Your instructions: For this exercise, output the entries below exactly from the line that holds "Extracción de la" to the line that holds "骨骺线闭合了为什么还在涨? - 知乎", both ends included. No pictures belong in the copy.

━━ Data shown ━━

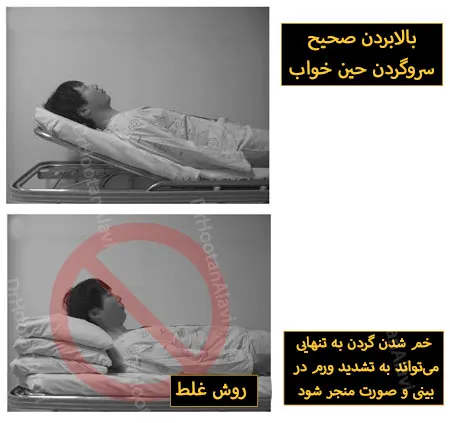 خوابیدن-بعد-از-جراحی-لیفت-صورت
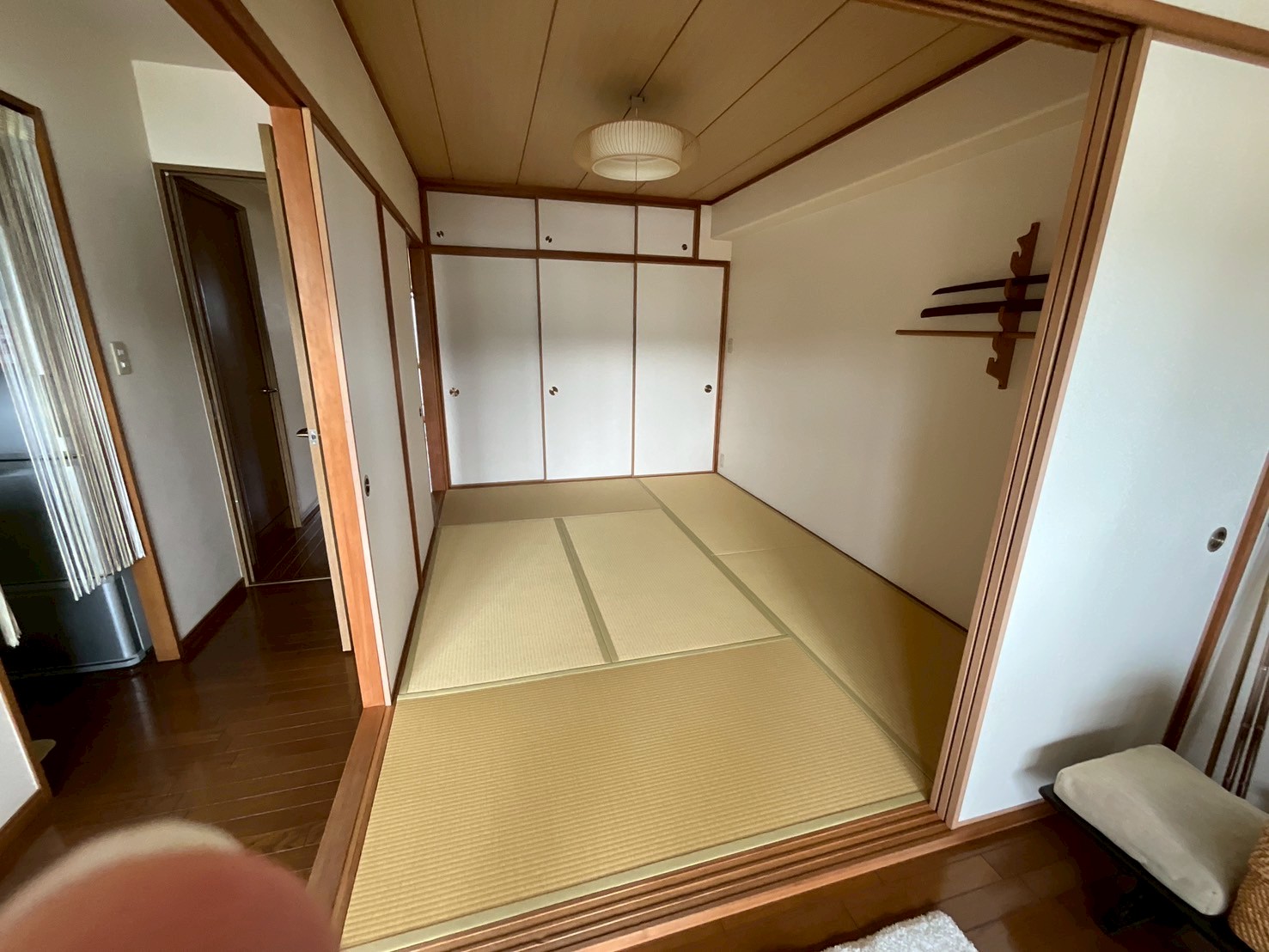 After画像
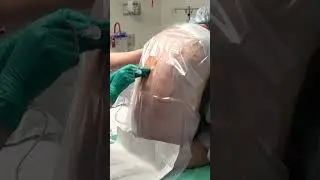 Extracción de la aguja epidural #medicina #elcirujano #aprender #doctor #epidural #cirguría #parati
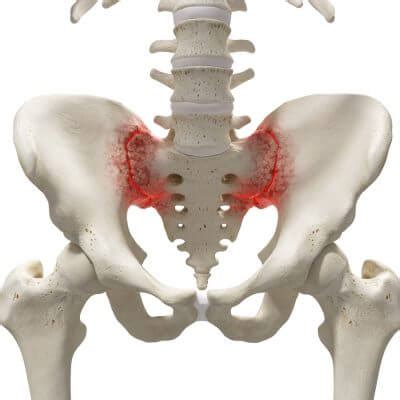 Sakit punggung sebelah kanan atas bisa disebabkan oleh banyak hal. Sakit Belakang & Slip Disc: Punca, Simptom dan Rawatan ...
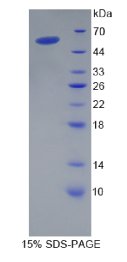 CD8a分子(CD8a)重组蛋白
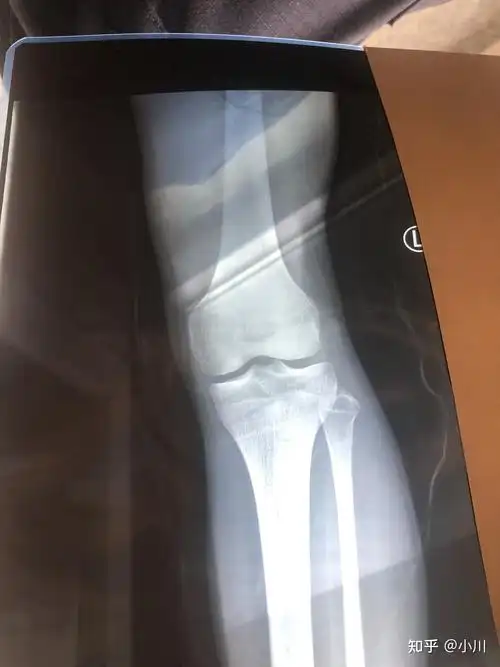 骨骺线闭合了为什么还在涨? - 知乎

━━━
━━ Data shown ━━

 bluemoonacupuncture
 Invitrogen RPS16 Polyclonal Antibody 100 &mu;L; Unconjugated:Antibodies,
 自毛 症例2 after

━━━

Completed exercise:
 Extracción de la aguja epidural #medicina #elcirujano #aprender #doctor #epidural #cirguría #parati
 Sakit punggung sebelah kanan atas bisa disebabkan oleh banyak hal. Sakit Belakang & Slip Disc: Punca, Simptom dan Rawatan ...
 CD8a分子(CD8a)重组蛋白
 骨骺线闭合了为什么还在涨? - 知乎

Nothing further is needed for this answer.